Secondo questa logica si è sviluppata la piaga del “cut & paste” compulsivo e cieco, che estrae pezzi di testi, grafici, diagrammi, spesso completamente decontestualizzati o dall’origine incerta, e ne fa fonte inoppugnabile a sostegno di questa o quella posizione. Il dialogo sui social network è spesso ridotto a una contrapposizione cieca di screen shot o di link che rimandano a documenti dei quali si è a mala pena letto il titolo o dal quale si sono estratte (pezzi di) frasi che vengono strumentalmente utilizzate a sostegno del proprio ragionamento.

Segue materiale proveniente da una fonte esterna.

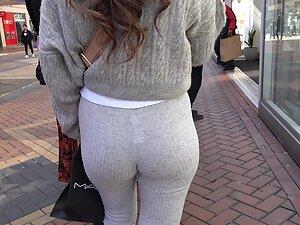 Blatantly staring at hot bubble butt in leggings Picture 2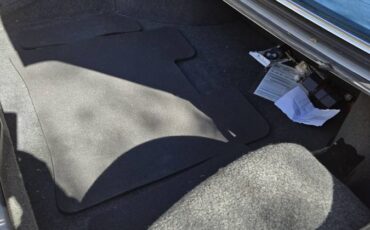 Bmw-735i-1985-grey-16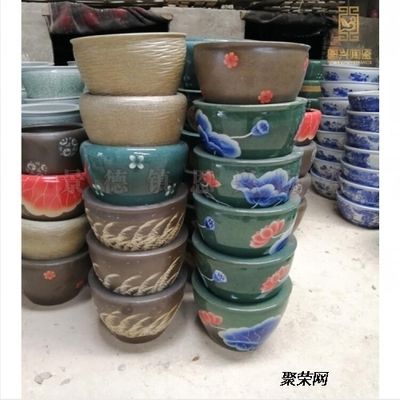 景德鎮(zhèn)陶瓷魚缸（景德鎮(zhèn)陶瓷魚缸與玻璃魚缸比較景德鎮(zhèn)陶瓷魚缸價格范圍）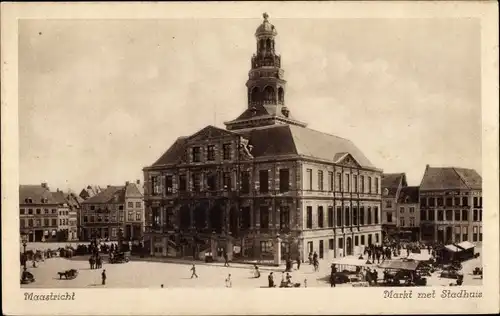 Ak Maastricht Limburg Niederlande, Markt met Stadhuis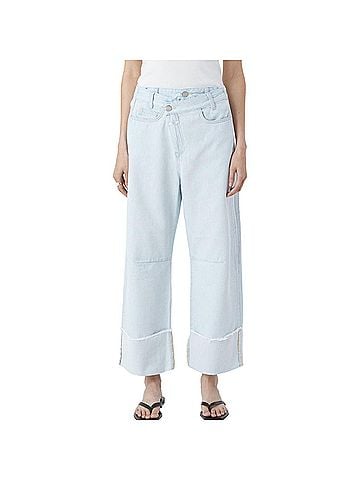 Closed Women's Averly Jean in Extreme Light (view 2)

Non si studia, si cita il pezzo di testo o il grafico che ci permette di “aver ragione”. Si ignora la complessità dei problemi, dei contesti, delle condizioni al contorno, delle concause, della differenza tra ipotesi di lavoro e fatti, pur di aver un link o una frase o un diagramma che ”confermi in modo inoppugnabile la nostra posizione”. Si ignorano le caratteristiche e i limiti del metodo scientifico che si nutre dell’analisi critica e del confronto tra ipotesi contrastanti. Si immagina di poter saltare a piè pari anni di studio e di specializzazione grazie alla possibilità di selezionare al volo al frase o il motto che “ci dà ragione” e risponde al volo al nostro quesito o dubbio.

Qualche volta ho usato l’espressione “righellometria” per caratterizzare certe situazione che si osservano sui social network e che si collocano tra il ridicolo e il tragico: diagrammi relativi a complessi fenomeno economici o sociali vengono estesi tracciando linee a caso per sostenere questa o quella posizione, ignorando qualunque seria analisi statistica e economica. È il trionfo della “cultura del fai da te”, dell’illusione del ”saper ragionare“ a prescindere dalla reale conoscenza del contenuto sul quale si pretende o ci si illude di voler ragionare.

Questi fenomeni sono ulteriormente aggravati dal costituirsi di comunità sostanzialmente chiuse (“se non la pensi come me ti blocco”) dove certi approcci e convinzioni si autoalimentano in assenza di un vero e aperto contraddittorio e, anzi, in presenza di quella che i sociologici chiamano la logica di difesa del branco, che rassomiglia maggiormente al tifo da stadio che all’aperto confronto di idee. Drammaticamente, chi partecipa a queste dinamiche è convinto che l’avere a disposizione questi pezzi sparsi di “conoscenza”, confermati da tutti coloro con i quali ci si confronta (cioè ”tutti quelli che la pensano come me”), dia al proprio convincimento un radicamento e una forza che, al contrario, manca completamente. Non si usano dati e conoscenze per studiare un fenomeno: si utilizzano pezzi di testo e diagrammi per confortare e giustificare una posizione ideologica o, peggio, una credenza alla quale ci si sente attaccati. Si cercano pezze giustificative per ciò in cui si vuol credere. Esattamente l’opposto di quanto vorrebbero scienza e cultura. Esattamente l’opposto di quello che dovremmo e dobbiamo fare.

Ecco perché una moderna cittadinanza ai tempi del digitale richiede ancora più che in passato che si riscopra il senso più vero e profondo dello studiare.